Global Forest Resources Assessments

FAO supports French-speaking African countries in the preparation of their Global Forest Resources Assessment 2025 report

19 September 2023The seaside resort of Grand Bassam hosted the official opening ceremony of the regional workshop on the Global Forest Resources Assessment (FRA).  About sixty participants from 24 French-speaking African countries are taking part in this capacity-building session organized by the Food and Agriculture Organization of the United Nations (FAO).

According to Anne Branthomme from FAO's Forestry Division, the aim is to finalize the national reports for FRA 2025. FAO publishes the State of the World's Forests every five years. For this forestry expert, these national reports are crucial for assessing the state and trends of forest resources in each country since 1990. The data collected follows a standardized methodology in all countries to provide a comprehensive view of forests at the national, regional and global levels. They cover different aspects of sustainable forest management, including the extent of forests and their changes, biomass and carbon, management objectives, disturbances, forest policies and legislation, and non-wood forest products. 

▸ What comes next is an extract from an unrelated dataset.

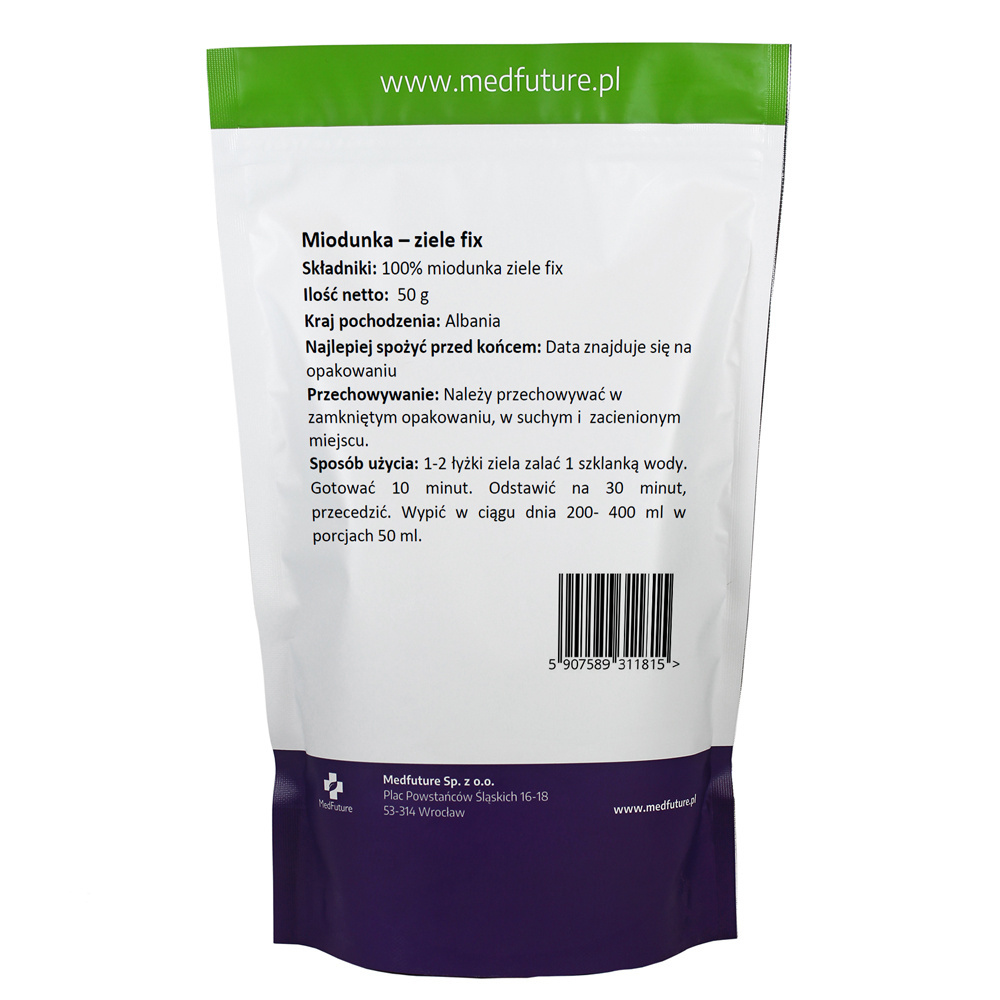 MedFuture - Miodunka ziele fix - 50g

The latest global assessment published by FAO in 2020 revealed that Africa is the continent with the most significant forest loss over the last decade. Between 2010 and 2020, it is estimated that Africa lost 3.9 million hectares of forest annually, mainly due to the expansion of small-scale agriculture. However, Africa's forest resources play a crucial role in the livelihoods of local populations and contain a huge amount of biodiversity. It is therefore essential to determine whether this worrying trend is continuing or whether there are signs of a change in direction.

At the opening of the workshop, Laurent Tchagba, Côte d'Ivoire's Minister of Water and Forests, stressed the importance of this event for forest conservation:

Forestry issues are high on the global agenda, and in recent decades much greater attention has been paid to changes in forest cover as a result of the climate crisis, which is tending to worsen. As a result, governments legitimately aspire to have relevant data at their disposal to guide national forest policies. The Global Forest Resources Assessment Programme initiated by the FAO is, therefore, a valuable aid in that it enables national reports on forest resources to be drawn up on a regular basis.

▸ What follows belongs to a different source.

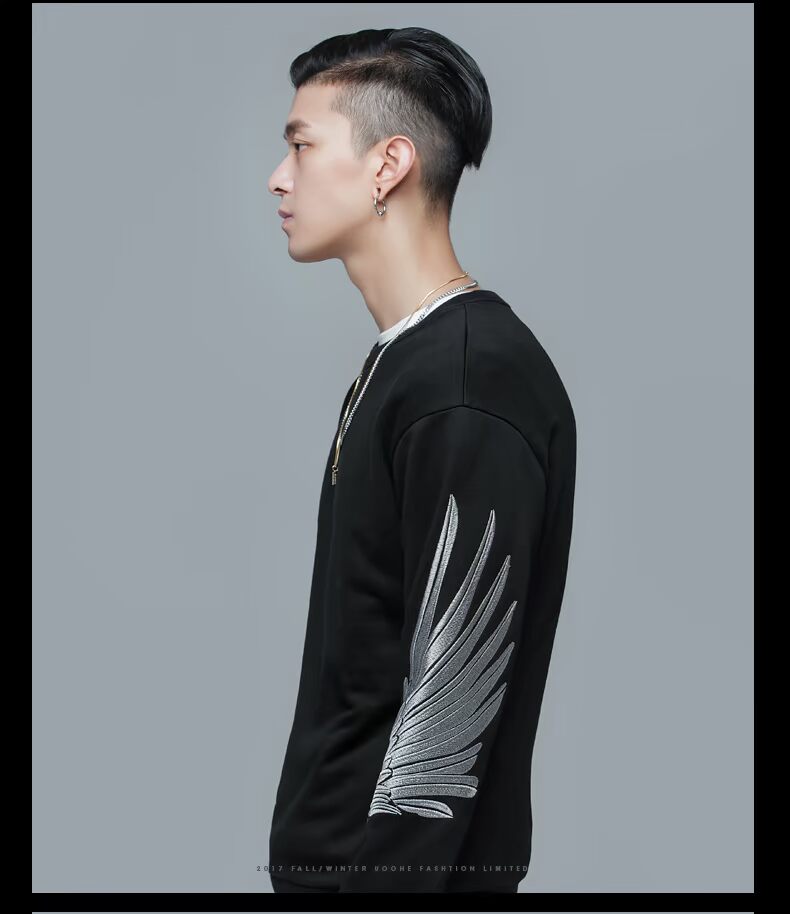 Sweatshirt homme UOOHE - Ref 3128730 Image 21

Attaher Maiga, the FAO Representative in Côte d'Ivoire, welcomed the commitment of African countries to this workshop and pointed out that the sustainable future of forest ecosystems and the people who depend on them is a global issue that requires collaboration, dialogue and coordinated action between forestry experts in the region. He stressed that better knowledge and reliable data on forests are needed to preserve them.

This workshop continues the work initiated by a series of online sessions organized this year by FAO. These sessions, aimed specifically at the region and in French, enabled the designated national correspondents and their collaborators to begin drafting their national reports.

One of the key points of the workshop was to guide participants in the use of the FRA platform for online reporting. This platform, designed to be simple and effective, made it easy to update and document data. Once validated, the updated data will be accessible to all via the same platform. In addition, innovative geospatial tools offering access to global spatial data were presented and made available to countries to improve forest analyses.

The workshop also placed particular emphasis on the quality assurance of FRA 2025 data, stressing the completeness, reliability, consistency and transparency of the information provided. It also offered countries the opportunity to share their experiences and propose solutions to the challenges faced by national correspondents in the reporting process.

Finally, the partnership with the Central Africa Forest Observatory (OFAC), which was present at the workshop, has also been strengthened in order to reduce the reporting burden and harmonize with other forest information collection processes. The aim of this increased collaboration is to pool efforts to collect and disseminate forestry data as effectively as possible.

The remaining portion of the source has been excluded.